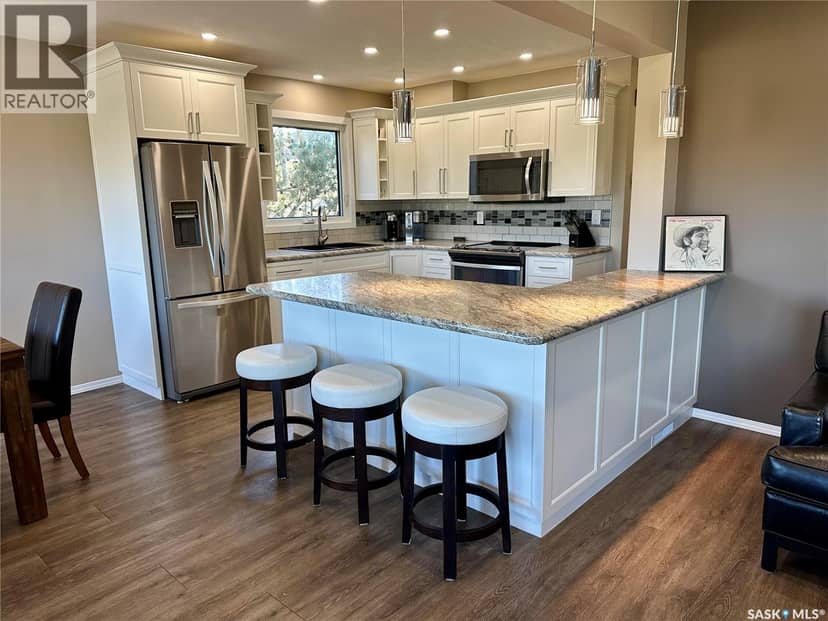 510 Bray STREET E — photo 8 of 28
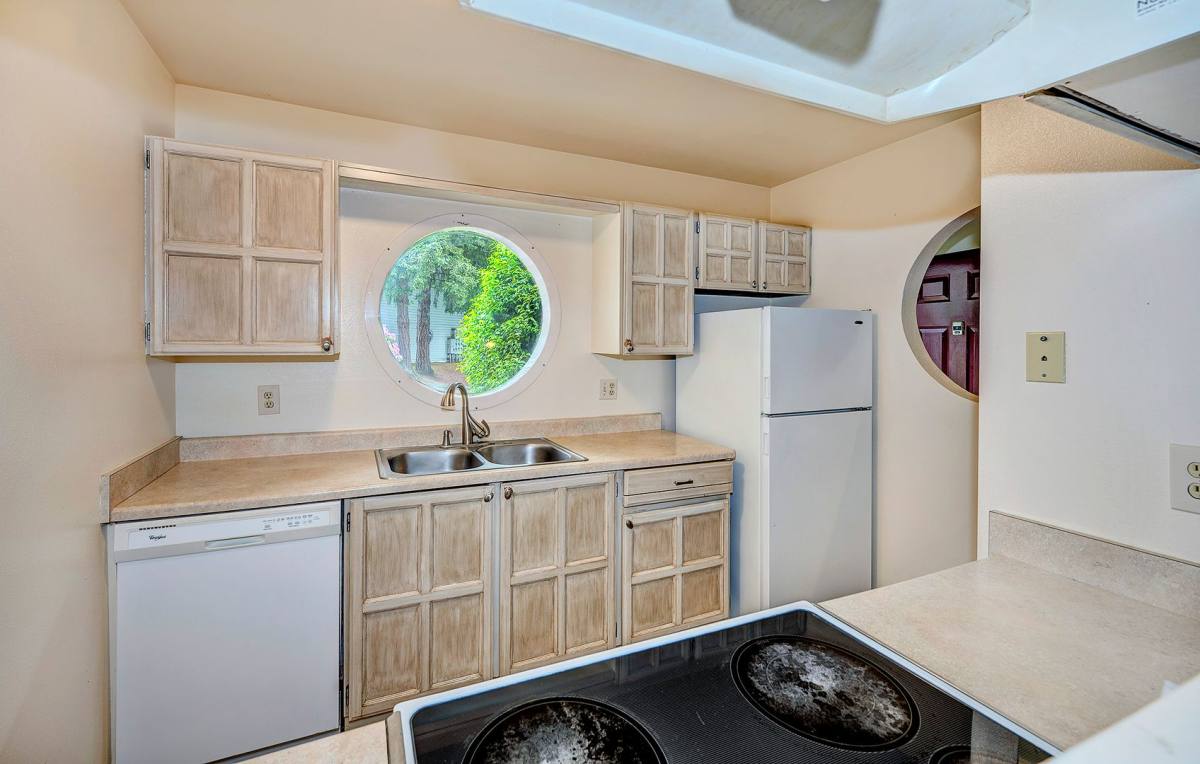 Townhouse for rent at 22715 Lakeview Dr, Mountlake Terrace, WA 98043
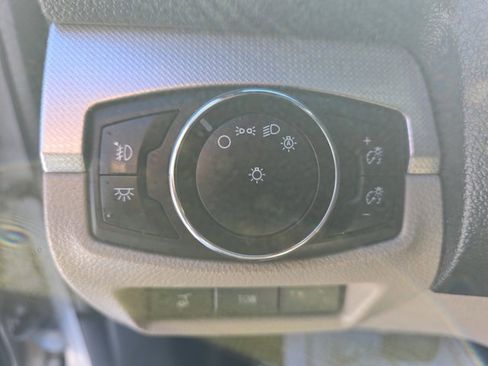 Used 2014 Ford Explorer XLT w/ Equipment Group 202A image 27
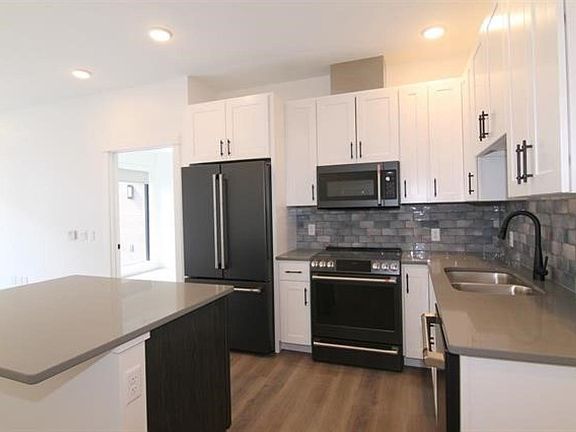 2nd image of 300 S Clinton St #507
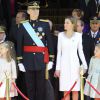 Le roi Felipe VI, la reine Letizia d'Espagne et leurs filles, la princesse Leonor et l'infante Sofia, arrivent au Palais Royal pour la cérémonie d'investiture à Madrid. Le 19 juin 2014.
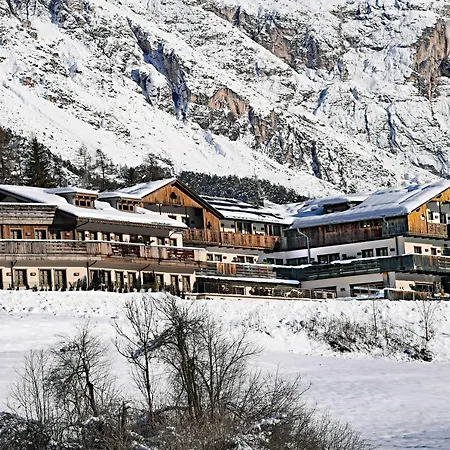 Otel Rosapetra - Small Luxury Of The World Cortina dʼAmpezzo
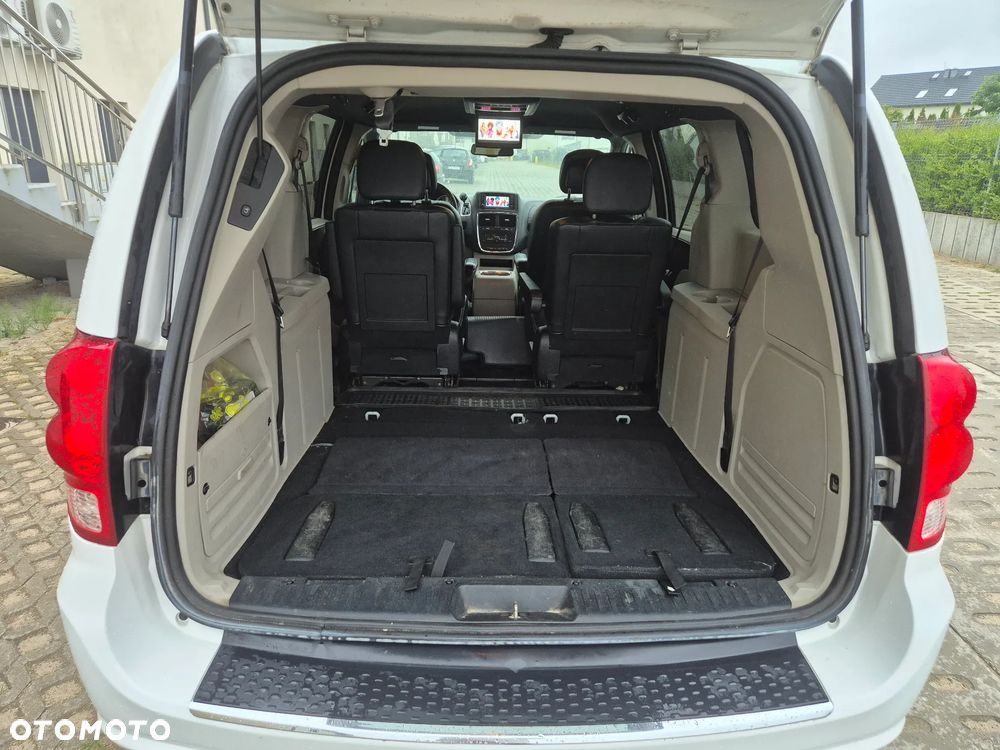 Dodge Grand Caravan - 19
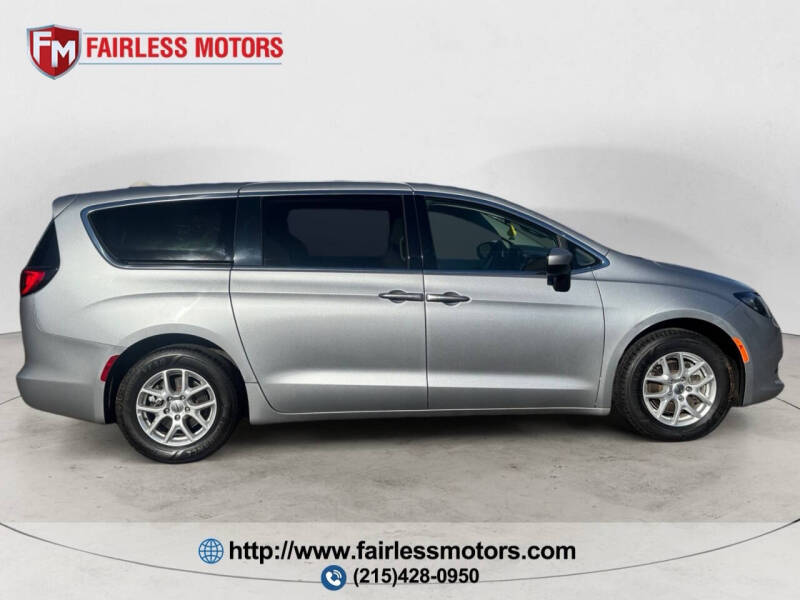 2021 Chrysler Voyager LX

== == ==

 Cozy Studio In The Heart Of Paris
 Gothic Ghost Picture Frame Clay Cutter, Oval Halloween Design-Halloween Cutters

== == ==

### To do
Range to copy from the listing above: the line with "Le roi Felipe" through the line with "2021 Chrysler Voyager LX". Transcribe it exactly and skip the pictures.

### Answer to this problem
 Le roi Felipe VI, la reine Letizia d'Espagne et leurs filles, la princesse Leonor et l'infante Sofia, arrivent au Palais Royal pour la cérémonie d'investiture à Madrid. Le 19 juin 2014.
 Otel Rosapetra - Small Luxury Of The World Cortina dʼAmpezzo
 Dodge Grand Caravan - 19
 2021 Chrysler Voyager LX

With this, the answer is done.